Task directions
Apart from the pictures, every line below is to be set down exactly.

Record extracts
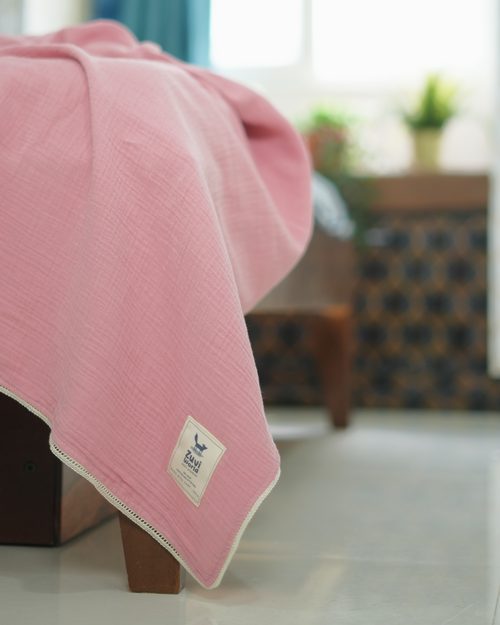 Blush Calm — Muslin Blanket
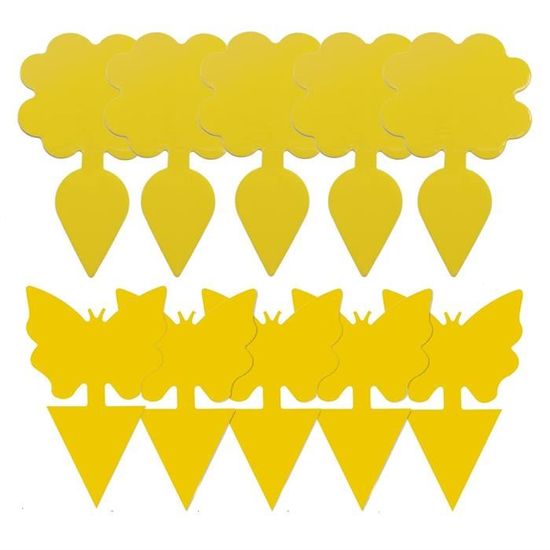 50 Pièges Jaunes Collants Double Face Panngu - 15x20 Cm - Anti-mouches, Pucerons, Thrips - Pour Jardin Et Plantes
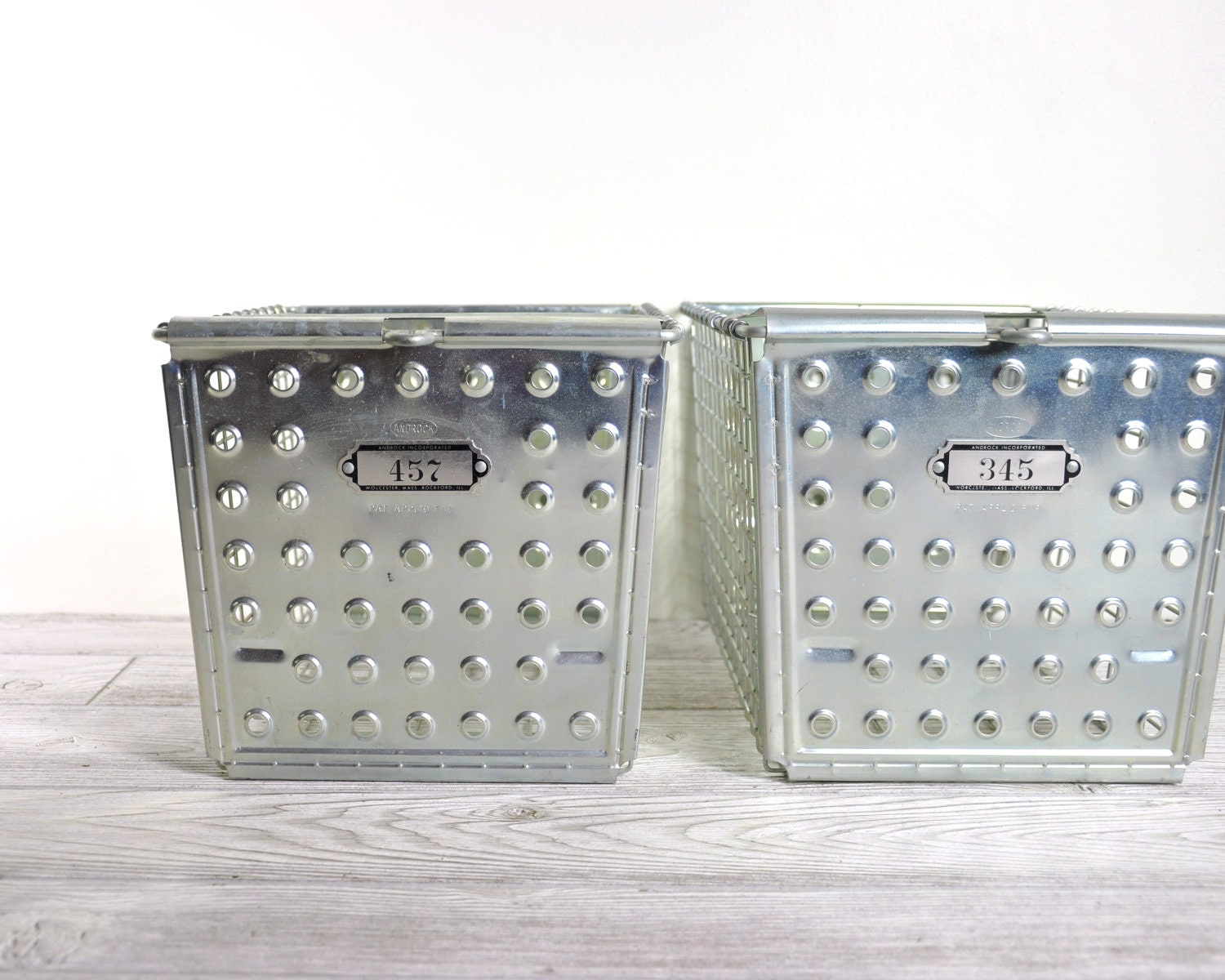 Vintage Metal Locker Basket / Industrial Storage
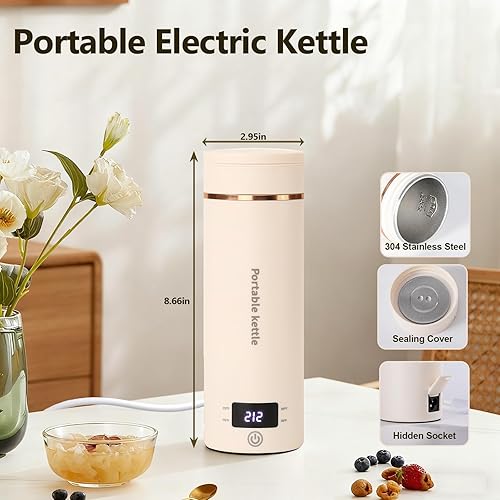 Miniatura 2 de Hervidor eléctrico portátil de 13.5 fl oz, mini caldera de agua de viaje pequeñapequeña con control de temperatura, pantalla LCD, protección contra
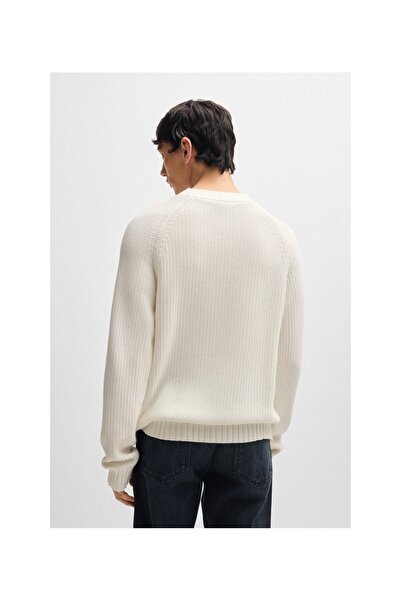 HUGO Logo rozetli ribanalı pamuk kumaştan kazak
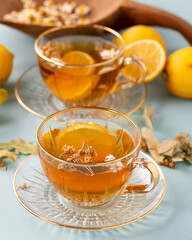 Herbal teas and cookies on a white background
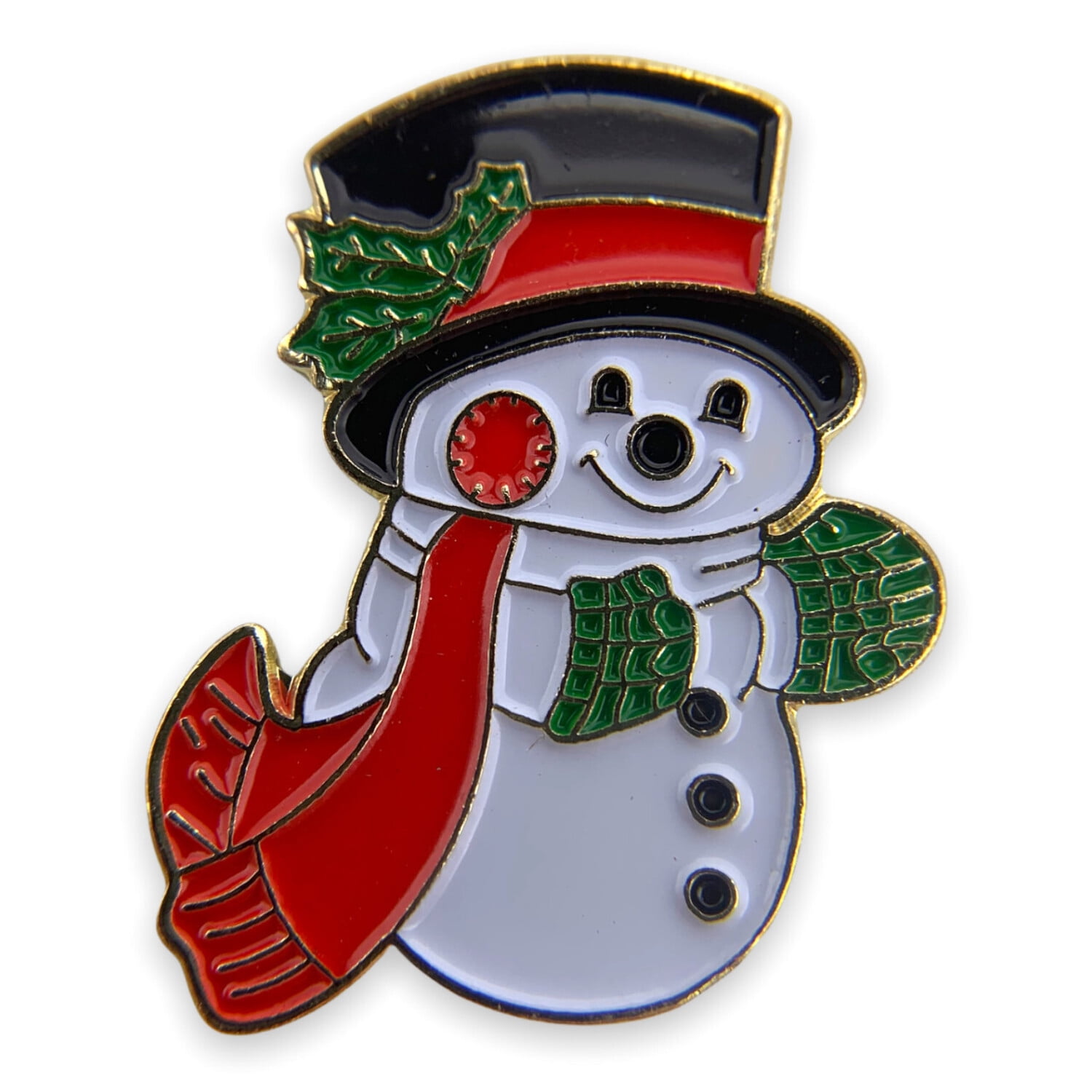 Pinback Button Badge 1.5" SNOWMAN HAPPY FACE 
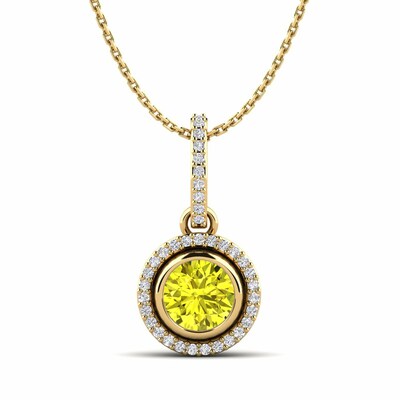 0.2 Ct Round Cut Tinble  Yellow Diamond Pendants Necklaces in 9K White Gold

Response to this task
 Blush Calm — Muslin Blanket
 50 Pièges Jaunes Collants Double Face Panngu - 15x20 Cm - Anti-mouches, Pucerons, Thrips - Pour Jardin Et Plantes
 Vintage Metal Locker Basket / Industrial Storage
 Miniatura 2 de Hervidor eléctrico portátil de 13.5 fl oz, mini caldera de agua de viaje pequeñapequeña con control de temperatura, pantalla LCD, protección contra
 HUGO Logo rozetli ribanalı pamuk kumaştan kazak
 Herbal teas and cookies on a white background
 Pinback Button Badge 1.5" SNOWMAN HAPPY FACE 
 0.2 Ct Round Cut Tinble  Yellow Diamond Pendants Necklaces in 9K White Gold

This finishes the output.